# What you should do:
From the line that contains "Leyla Aliyeva and" to the last line of the data below, transcribe every line exactly. Do not include the pictures.

# Data provided:
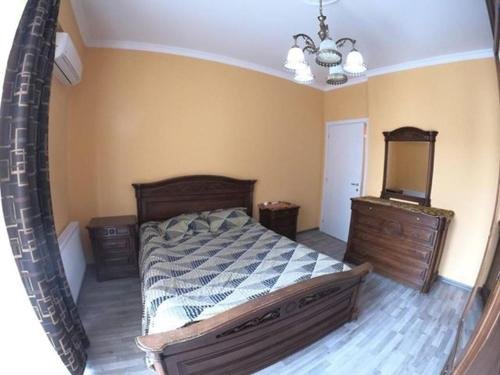 Тбилиси: Tsira's Guest House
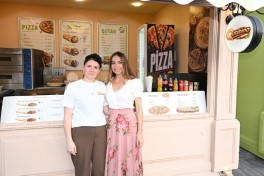 Leyla Aliyeva and Arzu Aliyeva visit "CandyFest" summer festival and watch "Magic Pearl" water circus show-PHOTO 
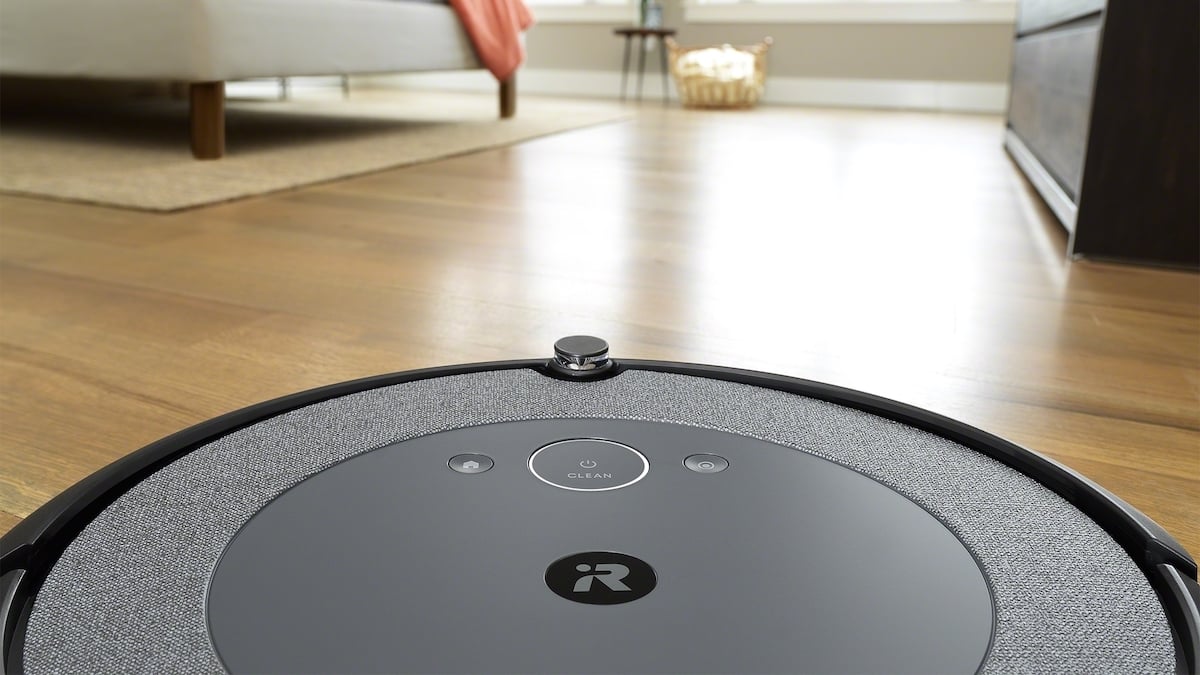 iRobot Roomba i3+ robot aspirapolvere che si svuota da solo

# Task response:
 Leyla Aliyeva and Arzu Aliyeva visit "CandyFest" summer festival and watch "Magic Pearl" water circus show-PHOTO 
 iRobot Roomba i3+ robot aspirapolvere che si svuota da solo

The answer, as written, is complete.